Get count of duplicates from a datatable

Hi Everyone,

Need some help on the below scenario.

I have a datatable which has around 10 columns and around 400K ~ rows.
I want to get the count of duplicates from the datatable.

I tried some linq queries consisting of sequenceequals, itemarray to itemarray comparison but did not get the expected output also the execution time is huge due to may be number of rows.

Can anyone suggest me good solution for this.

Thanks!!

Hi,

Can you elaborate with specific sample?

Regards,

@Dhruvi_Arumugam

Please provide a sample data…alternately please tell if you want duplicates based on any specific column or all columns?

Cheers

@Yoichi

Thanks for the quick response.

Attached is some sample data.

I cannot attach the exact data so I have tried to prepare some mock.
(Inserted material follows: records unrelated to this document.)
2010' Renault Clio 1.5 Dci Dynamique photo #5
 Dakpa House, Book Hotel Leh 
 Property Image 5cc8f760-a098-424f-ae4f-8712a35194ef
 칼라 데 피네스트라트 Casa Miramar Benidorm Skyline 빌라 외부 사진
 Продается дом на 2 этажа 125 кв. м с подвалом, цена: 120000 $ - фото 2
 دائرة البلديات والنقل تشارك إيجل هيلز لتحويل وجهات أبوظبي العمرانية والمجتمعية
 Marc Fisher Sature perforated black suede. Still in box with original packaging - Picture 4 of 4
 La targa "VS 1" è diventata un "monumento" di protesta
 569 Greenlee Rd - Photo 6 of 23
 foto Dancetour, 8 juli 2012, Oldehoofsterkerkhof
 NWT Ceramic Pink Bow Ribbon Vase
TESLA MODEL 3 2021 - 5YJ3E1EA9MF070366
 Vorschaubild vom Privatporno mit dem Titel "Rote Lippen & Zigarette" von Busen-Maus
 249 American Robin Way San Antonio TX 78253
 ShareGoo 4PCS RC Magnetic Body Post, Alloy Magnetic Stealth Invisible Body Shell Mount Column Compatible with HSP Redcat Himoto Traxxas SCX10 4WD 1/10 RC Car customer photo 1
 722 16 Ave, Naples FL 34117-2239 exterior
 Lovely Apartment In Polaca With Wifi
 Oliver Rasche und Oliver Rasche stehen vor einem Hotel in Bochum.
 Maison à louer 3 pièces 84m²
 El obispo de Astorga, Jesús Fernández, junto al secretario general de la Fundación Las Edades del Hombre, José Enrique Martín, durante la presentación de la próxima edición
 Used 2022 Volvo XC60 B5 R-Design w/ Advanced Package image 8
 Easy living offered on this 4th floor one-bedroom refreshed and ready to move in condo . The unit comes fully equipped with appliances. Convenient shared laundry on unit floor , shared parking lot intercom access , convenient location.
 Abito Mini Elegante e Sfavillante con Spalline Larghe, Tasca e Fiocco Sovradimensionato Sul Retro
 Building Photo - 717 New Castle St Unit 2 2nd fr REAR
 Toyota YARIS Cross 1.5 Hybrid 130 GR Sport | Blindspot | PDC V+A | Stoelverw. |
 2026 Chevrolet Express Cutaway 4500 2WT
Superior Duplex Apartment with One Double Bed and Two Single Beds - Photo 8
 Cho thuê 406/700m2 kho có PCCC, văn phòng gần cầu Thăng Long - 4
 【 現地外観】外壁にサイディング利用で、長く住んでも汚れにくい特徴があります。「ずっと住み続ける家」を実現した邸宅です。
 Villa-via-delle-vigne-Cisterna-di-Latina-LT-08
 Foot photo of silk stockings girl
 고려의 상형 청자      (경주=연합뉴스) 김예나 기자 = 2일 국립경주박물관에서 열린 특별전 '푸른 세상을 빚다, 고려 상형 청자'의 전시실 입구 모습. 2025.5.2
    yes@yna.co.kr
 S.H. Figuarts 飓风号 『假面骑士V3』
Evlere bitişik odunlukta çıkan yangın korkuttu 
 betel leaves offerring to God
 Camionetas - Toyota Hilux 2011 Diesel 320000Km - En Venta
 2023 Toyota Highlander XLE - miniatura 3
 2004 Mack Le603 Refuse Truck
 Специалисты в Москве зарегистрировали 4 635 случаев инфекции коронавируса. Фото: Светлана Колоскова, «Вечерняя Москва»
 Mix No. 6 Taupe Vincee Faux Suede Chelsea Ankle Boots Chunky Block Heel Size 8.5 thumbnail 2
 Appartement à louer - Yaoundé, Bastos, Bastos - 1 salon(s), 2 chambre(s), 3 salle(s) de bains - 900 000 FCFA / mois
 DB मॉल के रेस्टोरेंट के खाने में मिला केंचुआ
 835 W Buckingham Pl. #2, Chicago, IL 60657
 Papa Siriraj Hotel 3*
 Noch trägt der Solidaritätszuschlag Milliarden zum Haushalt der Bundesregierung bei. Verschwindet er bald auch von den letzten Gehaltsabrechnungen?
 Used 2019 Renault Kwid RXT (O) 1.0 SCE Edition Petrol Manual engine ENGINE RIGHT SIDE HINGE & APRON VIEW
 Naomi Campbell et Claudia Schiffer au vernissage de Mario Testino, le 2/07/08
I want the count of duplicate records from the datatable.
I have 10 columns and 400k to 500k rows, I want the number of duplicates which exist in this data i.e. exact matching records.
sample.xlsx (34.1 KB)

Thanks

Thanks for the quick response.

I have attached the data in my below post.
I have the use case for both the scenarios you mentioned but firstly I am checking for all the columns.

Thanks

1 Like

Hi,

Which column(s) do you want to check duplication? And what is expected value of the above sample?

Regards,

Hi @Dhruvi_Arumugam
*Read the excel using read range.
*Take row count count1=dt_input.Rows.Count
*dt_input=dt_input.DefaultView.ToTable(True)
It will remove the all the duplicate rows
*Take row count after deleting duplicate count2=dt_input.Rows.Count
*Count1-Count2. It will give you the duplicate record count.

Hope this helps

@Dhruvi_Arumugam

One way if you only want to count then

Nonduplicatedt = dt.DefaultView.ToTable(True,"Column1","Column2") will give you non duplicate rows based on the specified two column…if you want on all columsn then dont specify any column then it would consider all columns for duplicates

now countofduplicates = dt.rowcount - nonduplicatedt.rowcount will gvie you the duplicates count

Hope this helps

cheers

All the columns currently, and on the expectation point its that I should get the count of duplicates if out of 10 records only 4 are identical then I should get 4 i.e. the duplicate count similar like we have in excel

Your sample EXCEL shows more then 10 Columns

so it looks like the case of a subset of columns are used for the duplication identification. Just to start with a first step - Key by ColValue Concatenation Approach

arrDupliColFilter = new String(){“ColName1”, “ColName2”,…“ColName10” }

dtColFiltered = YourOrigDataTableVar.DefaultView.ToTable(false, arrDupliColFilter)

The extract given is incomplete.